64th ISI World Statistics Congress - Ottawa, Canada

64th ISI World Statistics Congress - Ottawa, Canada

Avoiding imposter syndrome post data-revolution: A public servant’s guide to increasing data literacy

Conference

64th ISI World Statistics Congress - Ottawa, Canada

Format: IPS Abstract

Keywords: data-literacy

Abstract

In an age where data-driven decision making has become crucial, public servants are often faced with the challenge of being able to navigate complex and evolving data landscapes without formal training. This presentation explores Statistics Canada's Data Literacy Training Initiative (DLTI) - a transformative response to these issues aimed at increasing data literacy among Canadian government employees. The DLTI underlines the importance of accessible, plain language training products created to enhance one’s skills and abilities, and to interact confidently with data. Simultaneously, our mission is to disprove the common belief that data science is too technically advanced, complicated or intimidating to learn in an informal setting.
This presentation will demonstrate how the DLTI cultivates a more inclusive and empowering data environment, reducing feelings of imposter syndrome as data grows more integral to public service work.
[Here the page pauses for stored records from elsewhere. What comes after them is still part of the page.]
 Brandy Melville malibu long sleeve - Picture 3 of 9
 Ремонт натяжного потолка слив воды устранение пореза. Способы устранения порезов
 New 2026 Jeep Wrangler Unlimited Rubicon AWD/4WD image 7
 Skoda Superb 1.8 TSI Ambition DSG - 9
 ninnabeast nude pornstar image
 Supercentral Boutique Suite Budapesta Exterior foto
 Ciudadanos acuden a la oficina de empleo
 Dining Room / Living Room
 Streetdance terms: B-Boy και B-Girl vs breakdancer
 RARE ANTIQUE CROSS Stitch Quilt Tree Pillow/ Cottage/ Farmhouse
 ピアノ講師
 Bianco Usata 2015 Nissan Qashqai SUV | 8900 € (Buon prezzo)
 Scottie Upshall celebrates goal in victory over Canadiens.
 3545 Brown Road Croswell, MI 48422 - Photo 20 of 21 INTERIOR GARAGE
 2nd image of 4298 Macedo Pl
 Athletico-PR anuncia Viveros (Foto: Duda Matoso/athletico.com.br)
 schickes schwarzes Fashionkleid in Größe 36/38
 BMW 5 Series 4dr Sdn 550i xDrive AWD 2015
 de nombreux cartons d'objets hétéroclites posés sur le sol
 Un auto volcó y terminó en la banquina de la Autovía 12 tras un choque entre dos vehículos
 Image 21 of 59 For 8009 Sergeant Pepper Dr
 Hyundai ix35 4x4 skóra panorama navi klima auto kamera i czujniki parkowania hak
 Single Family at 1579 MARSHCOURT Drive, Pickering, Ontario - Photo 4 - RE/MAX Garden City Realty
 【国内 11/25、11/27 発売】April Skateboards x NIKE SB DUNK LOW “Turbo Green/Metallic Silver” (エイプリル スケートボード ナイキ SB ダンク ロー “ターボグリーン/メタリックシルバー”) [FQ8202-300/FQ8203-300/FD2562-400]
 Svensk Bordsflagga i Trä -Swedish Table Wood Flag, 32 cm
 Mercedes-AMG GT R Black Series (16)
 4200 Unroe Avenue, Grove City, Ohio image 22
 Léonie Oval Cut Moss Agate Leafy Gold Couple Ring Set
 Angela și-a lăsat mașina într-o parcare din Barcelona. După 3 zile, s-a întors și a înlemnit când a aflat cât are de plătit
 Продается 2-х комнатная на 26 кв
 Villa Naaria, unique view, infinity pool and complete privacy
We will illustrate how the initiative's resources have helped instill a stronger understanding and command of data among public servants, thus aiding the post-data-revolution transition.
Through this discussion, we underscore the importance of increased data literacy, demonstrating how comprehensive yet straightforward training can make data accessible to all, ultimately empowering public servants to engage more effectively in their roles, enhance decision-making, and provide better public service.